# Hymer washroom mirror



## Tucano (Jun 9, 2006)

Happy New Year to all,

The mirror backing is coming away from the above mentioned mirror and it appears to be quite a complicated process to remove various pieces in the washroom simply to replace the mirror.

The van is a 2006 reg Hymer 584, has anyone reading this attempted the task, I am now considering the simpler solution of breaking the mirror  

Many thanks,

Norman.


----------



## lipupfatty (Sep 3, 2008)

Hello, I had a 584 a few years ago where the mirror became loose.
I just sikaflexed it back on. With that stuff on it the rest of the van could fall apart before it comes off again. :idea:


----------



## p-c (Oct 27, 2007)

Hi
A happy new year to you to.
Perhaps rather than breaking it if it is still soundly fixed, and it is only the mirror backing peeling, you could stick another mirror over it.

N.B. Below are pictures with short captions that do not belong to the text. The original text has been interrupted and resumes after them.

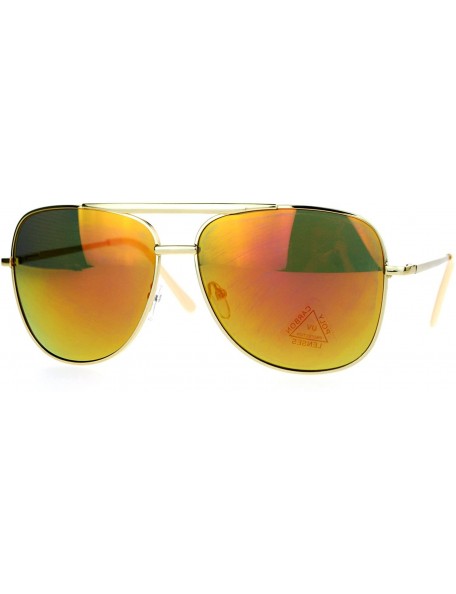 Rectangular Mirrored Mirror Lens Retro Large Rectangular Pilot Sunglasses - Gold Orange - CS129O84HC7 $7.81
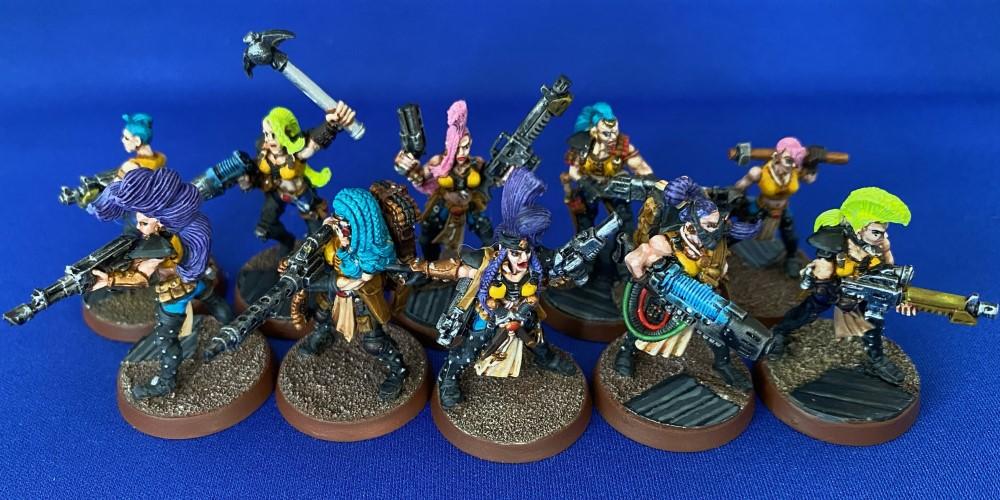 Escher, Metal, Necromunda, Painted, Painted Escher Gang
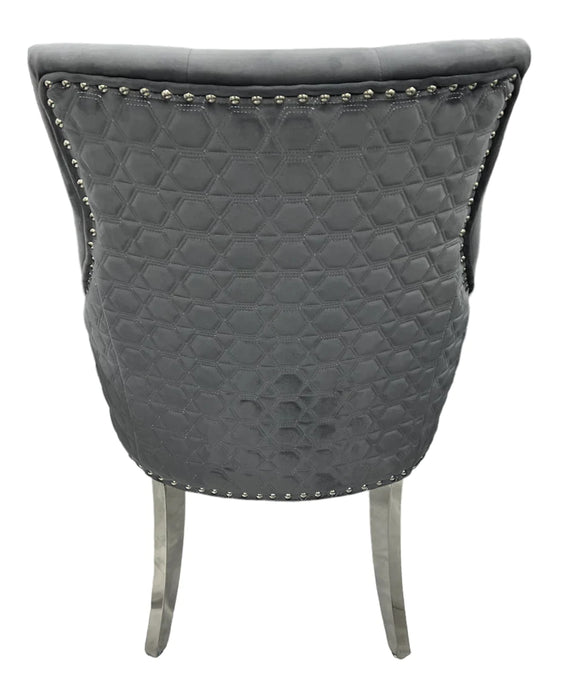 Lexi Chair Grey Plush Velvet & Chrome Legs (plain checkered back)
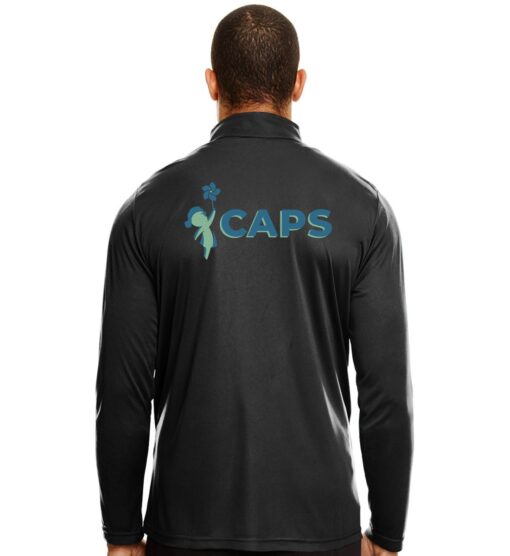 Black Men's Performance Quarter-Zip (CAPS Design B) - Image 2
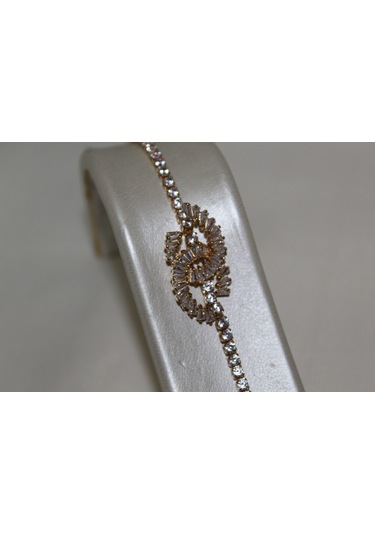 Sonsuz Işıltı Zirkon Taşlı Çelik Bileklik 17 Cm Sonsuzluk İşaretli Altın Renk Kadın Çelik Bileklik Gold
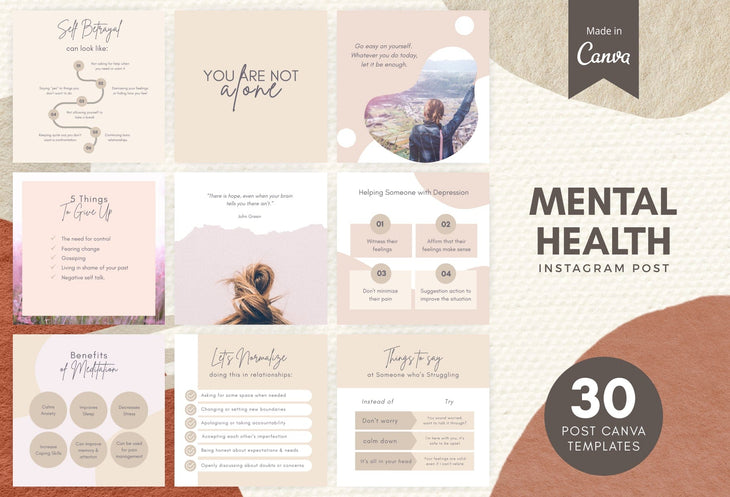 Ladystrategist 30 Mental Health Instagram Post Canva Templates instagram canva templates social media templates etsy free canva templates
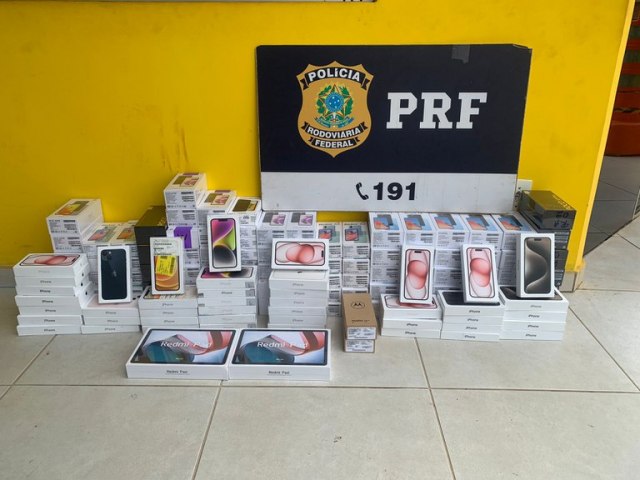 PRF apreende 148 celulares transportados ilegalmente em Guara/TO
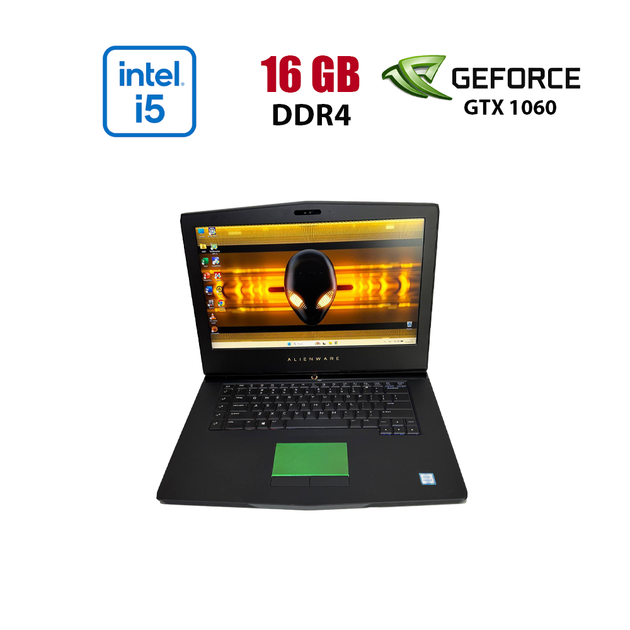 Ігровий ноутбук Б-клас Dell Alienware 15 R3 / 15.6" (1920x1080) IPS / Intel Core i5-6300HQ (4 ядра по 2.3 - 3.2 GHz) / 16 GB DDR4 / 256 GB SSD M.2 + 1000 GB HDD / nVidia GeForce GTX 1060, 6 GB GDDR5, 192-bit / WebCam б/в - Фото 1 Ігровий ноутбук Б-клас Dell Alienware 15 R3 / 15.6" (1920x1080) IPS / Intel Core i5-6300HQ (4 ядра по 2.3 - 3.2 GHz) / 16 GB DDR4 / 256 GB SSD M.2 + 1000 GB HDD / nVidia GeForce GTX 1060, 6 GB GDDR5, 192-bit / WebCam б/в - зображення 1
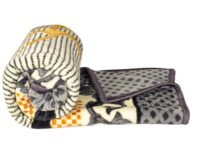 Home BSB HOME Super Soft Cloudy Printed Double Bed Blanket for Heavy Winter, Single Ply Mink Blanket King Size with 220 x 230 Cm – 2.5 Kg (Light Grey Black & Beige, Pack of 1)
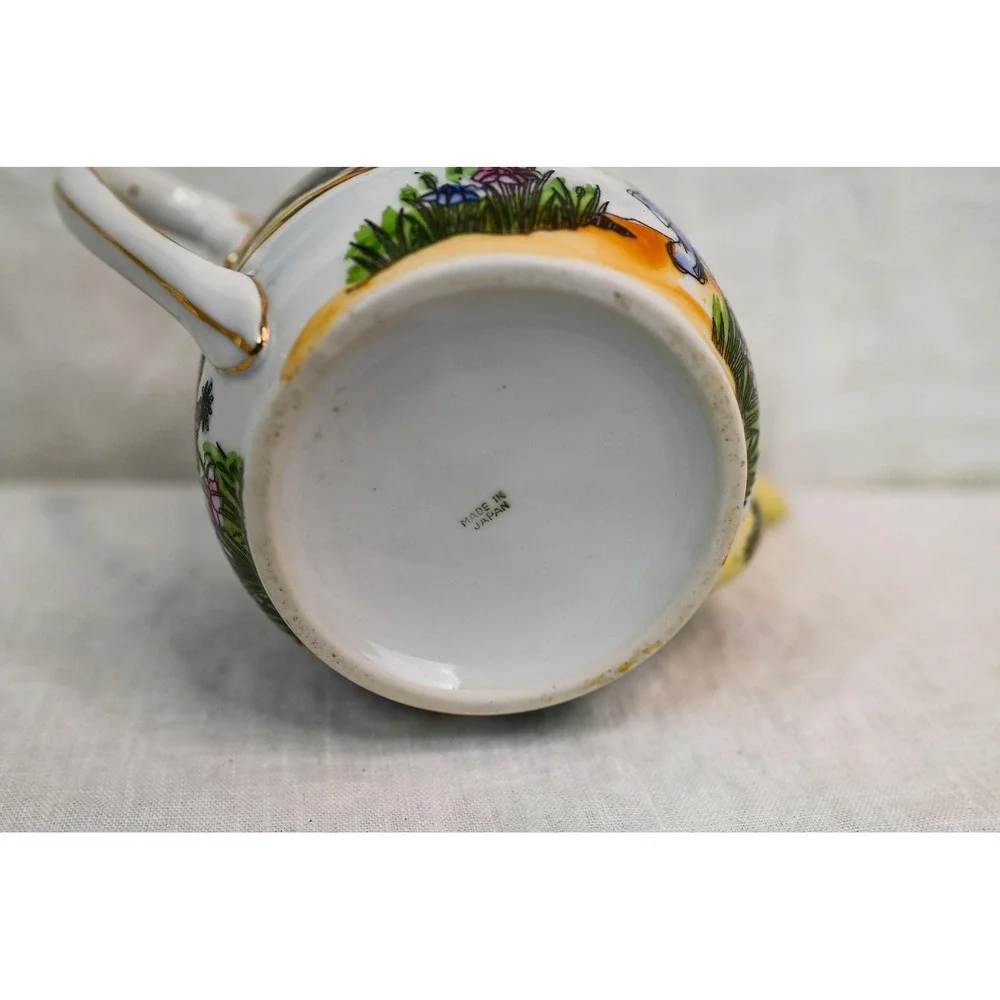 Vintage Japanese Tea Pot Hand Painted Landscape Mount Fuji Gold Trim Yellow Blue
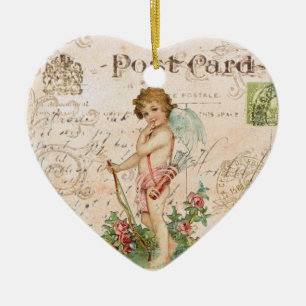 Vintage French Cherub Valentine heart ornament
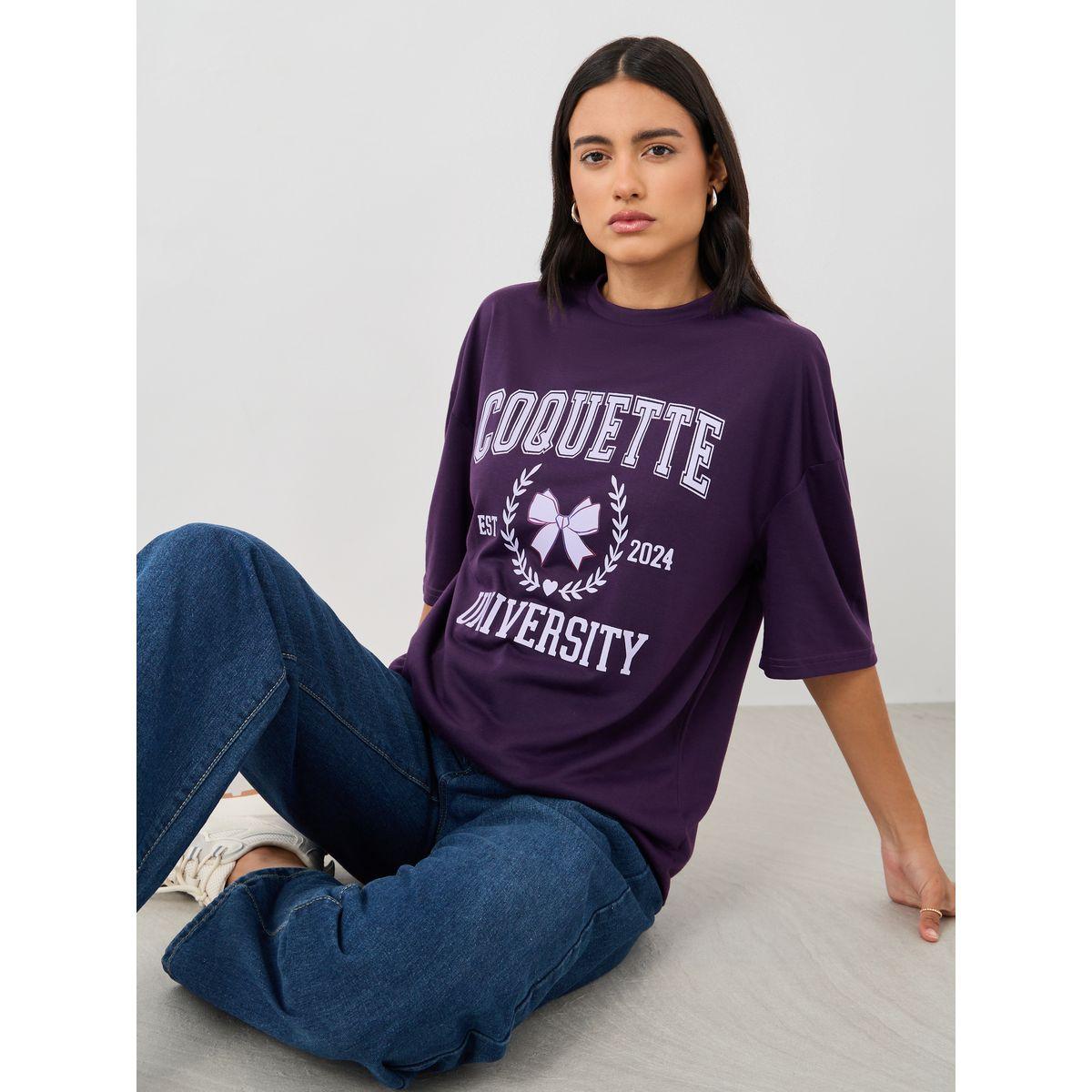 تيشيرت فضفاض بطبعة كتابة وياقة دائرية-women-clothing-tshirts-image-1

A specialist glass shop will cut and finish one to size and template.
p-c


----------



## bjandlin (Sep 15, 2009)

*hymer mirror*

Hello, I've changed mine.
The mirror is held with 3 vertical strips of double sided tape & one along the bottom edge above the basin.
I removed mine by gently easing it away from the bottom left corner.
It's free on the left hand side & in a recess on the right hand. So you need to ease it all the way up from the left first.
The new mirror I had cut to size & refitted with double sided again.
First fitting into the r/h recess.
You may like to think of doing as I have in making the new mirror about an inch shorter. You will see once you've removed it that it covers the top fixing screws for the wash basin. So if you ever need to remove the basin you have to go through all the hassle of taking the mirror off again.
I found a wood strip to match the other trims & fitted it with the tape again. Looks really original & I can get the basin out easily if needed.
PM me if I can help further.
Barrie.


----------



## bjandlin (Sep 15, 2009)

*hymer mirror*

PS.
Forgot to say, take off the bezels from the 2 lamps above the basin.
Barrie.


----------



## Tucano (Jun 9, 2006)

Once again I thank members of this forum for their advice, on this occasion bjandlin have given me exactly what I wanted to know.
Norman.


----------



## Tucano (Jun 9, 2006)

An update to my original post,

I deliberately broke the mirror today and then carefully removed the pieces. 
I just need to measure up and order a replacement now, thanks to the advice offered previously.

Norman.


----------